Taking into account the high technicity of any IT program, the Service Provider does not guarantee functioning without anomalies or uninterrupted functioning of its IT Solutions.
In addition, this guarantee is exclusive of any other commitment, notably any guarantee of result in respect to Customer satisfaction linked to performance requirements and expectations of operational or functional capabilities other than those described in the documentation. The Service Provider does not guarantee that the intervention will allow the difficulty encountered to be immediately eliminated, or that after the intervention the anomaly encountered will not re-appear, or that any difficulty will not be generated as a result of the intervention of the maintenance service. The maintenance service is provided by the Service Provider with all possible reasonable care in the current state of the technology.
The compliance of the IT Solution with its official technical documentation constitutes the sole obligation of the Service Provider whatever the grounds of the User’s claims.

12.3. – The Service Provider’s civil liability shall only be incurred by its own acts or those of its staff in the case of acts accomplished by it or its staff in the context of the performance of the contract and solely in the case where a causal link between the alleged prejudice and a serious fault by the Service Provider is established.
The Service Provider shall not, under any circumstances be held liable in respect to the User, for any reason whatsoever, for any indirect prejudice, whatever this may be, and notably for loss of data, commercial prejudice, increased overheads, consequences of third-party recourse, loss originating in or the consequence of this contract, loss in turnover or profit, loss of Customers, loss of an opportunity, in relation with or stemming from the IT Solution or its functioning, even if the Service Provider has been warned of the possibility of such a loss or such damage, and damage to property or personal injury not the subject-matter of the contract.
The Service Provider shall not be held liable, for any reason whatsoever, for material damage or bodily injury, following the intervention of the maintenance/support service, except in cases where the Customer has established a causal link between the alleged prejudice and a fault of the Service Provider.
The staff of the Service Provider remain under the latter’s hierarchical and disciplinary authority.

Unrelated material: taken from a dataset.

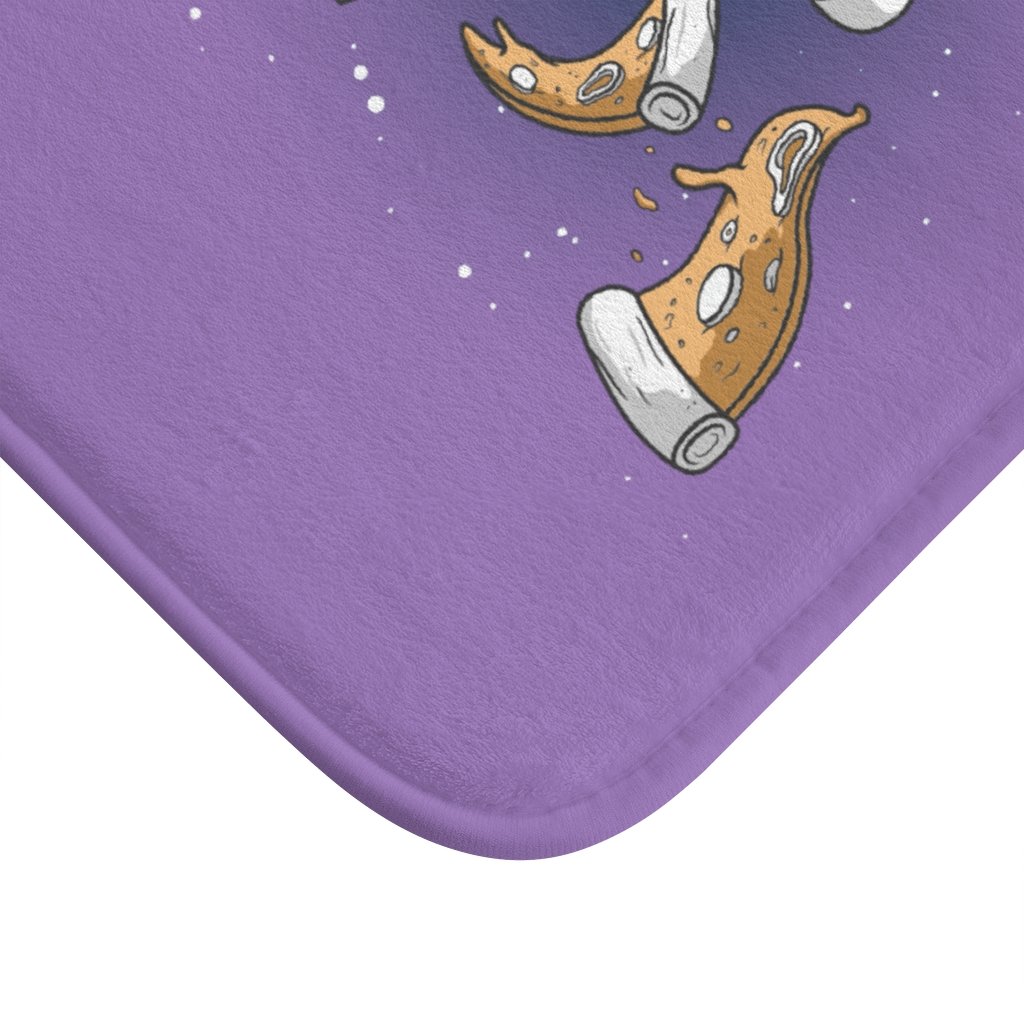 A colorful bath mat featuring an astronaut eating pizza in space, designed for safety and comfort.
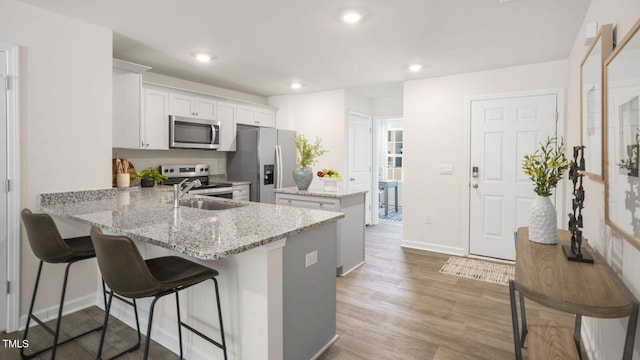 kitchen featuring stainless steel appliances, light stone counters, kitchen peninsula, hardwood / wood-style flooring, and white cabinetry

The Customer must do what is necessary to ensure that the Service Provider’s staff respect the instructions and interior regulations on security when required to make an on-site call on the Customer’s premises.

12.4. – If, however, a pecuniary judgement is pronounced against the Service Provider, for any reason whatsoever, the damages payable shall not be more than the amount effectively received for the annual fee or the price effectively paid by the Customer.

13. Insurance

The Service Provider is the holder of an insurance policy covering the pecuniary consequences of its legal liability should it be incurred.
The Customer must reciprocally be insured for the consequences of its civil liability in respect to the Service Provider, its staff and any subcontractors.

14. Reservation of ownership

The Service Provider expressly reserves the ownership of the delivered IT Solutions until full payment of their price in principal and interest. In the case of failure to pay the full price in principal and interest, the Service Provider shall take, at time, any useful measure for suspending the use of the IT Solution installed on the Customer’s system.
A payment, according to the meaning assigned in this article, is not a document creating an obligation to pay, a draft or such like.
This reservation of property clause does not prevent, on the delivery of the IT Solution, the transfer of the risks to the Customer, who undertakes to take all necessary care in taking custody of and protecting the IT Solutions and products, and to take out any useful insurance.
The initiation of insolvency proceedings in favour of the Customer shall not prevent the Service Provider from claiming the IT Solutions.
In the case of partial payment, this shall be firstly applied against the interest for late payment, and the most recent claims.

15. Confidentiality

Both parties undertake to take all necessary precautions to maintain the confidentiality of the other party’s confidential information these precautions to be at least equivalent to those taken by each of the parties to ensure the confidentiality of its own confidential information.
In the same way, the parties are bound to secrecy in relation to this contract, and the Documentation relating to the IT Solutions, which shall not, under any circumstances, be communicated to third parties (except in the case of legal or fiscal obligation and after previously informing the other party).
The parties each undertake to have this confidentiality clause respected by their respective employees, parent company, subsidiaries and any subcontractors and vouch for the latter in this respect.
This confidentiality obligation shall continue for as long as the information in question continues to be confidential, including beyond the date of the end of this agreement.

16. Modifications

Any modification to the designated system, the site of use or the initial configuration of the software, notably by the addition of supplementary licences and/or the granting of a user right for other software products of the Service Provider on the site of use, must be the subject of a supplementary clause to this contract.

17. Termination

17.1. – In the case of serious failure by one of the parties to respect the obligations of the contract, not remedied within 30 (thirty) days of receipt of the registered letter notifying the failures from the other party, the party not at fault shall be able to opt for the termination of the contract without prejudice to any damages that it may claim.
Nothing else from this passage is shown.